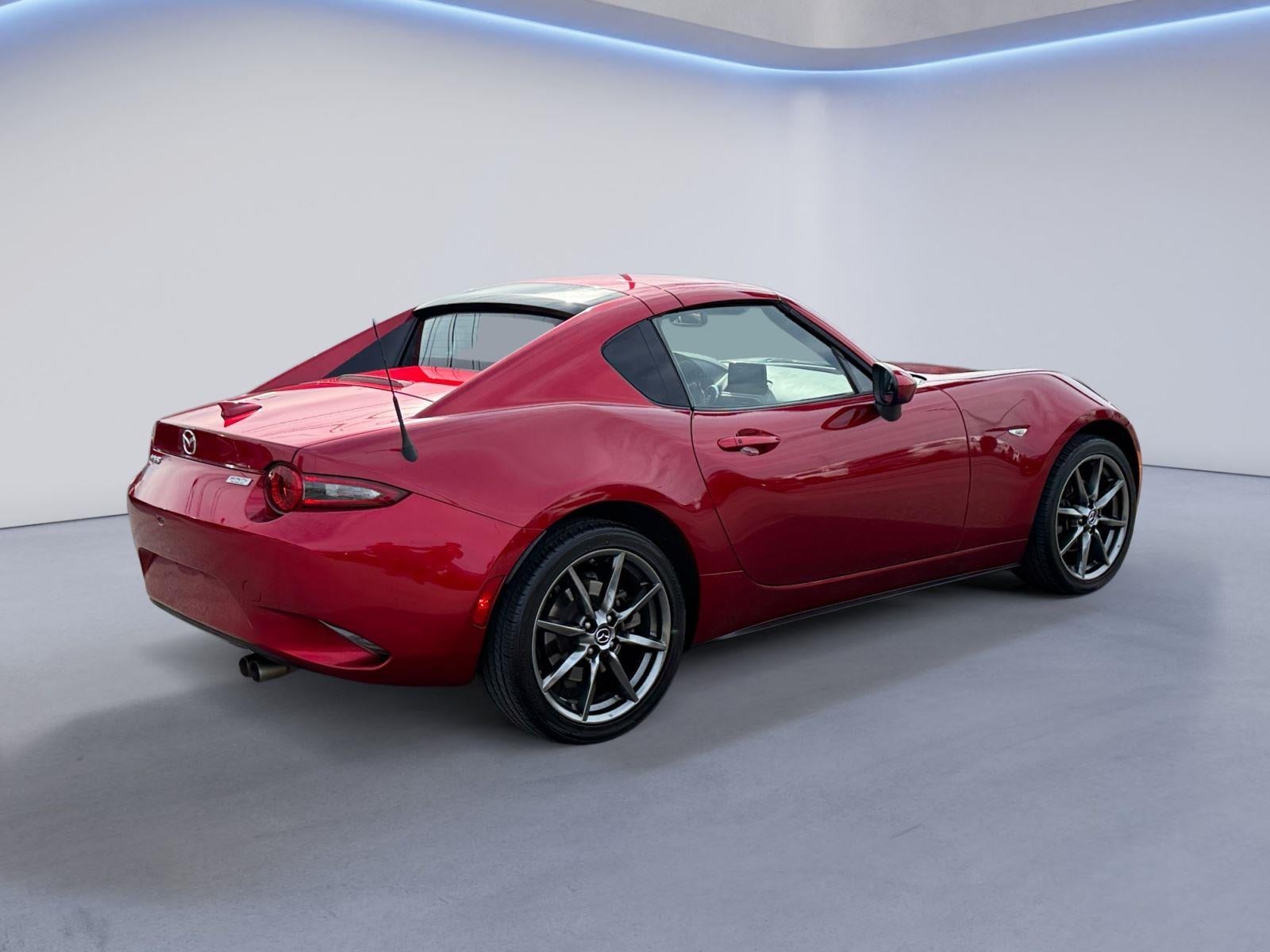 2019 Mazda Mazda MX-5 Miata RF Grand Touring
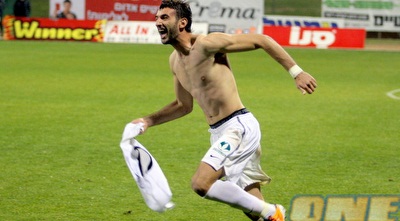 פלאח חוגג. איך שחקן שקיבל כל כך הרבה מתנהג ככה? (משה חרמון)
------------------------------------------------------------------------
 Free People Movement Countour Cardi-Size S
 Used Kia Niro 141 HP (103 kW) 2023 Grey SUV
------------------------------------------------------------------------
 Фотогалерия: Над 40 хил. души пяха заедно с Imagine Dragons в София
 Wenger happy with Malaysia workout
------------------------------------------------------------------------
● **EXERCISE AIM**:
When you reach the line that has "2019 Mazda Mazda MX-5 Miata RF Grand Touring" in the data above, start repeating lines exactly, and stop after the line that has "פלאח חוגג. איך"; pictures stay out.

● **YOUR RESPONSE**:
 2019 Mazda Mazda MX-5 Miata RF Grand Touring
 פלאח חוגג. איך שחקן שקיבל כל כך הרבה מתנהג ככה? (משה חרמון)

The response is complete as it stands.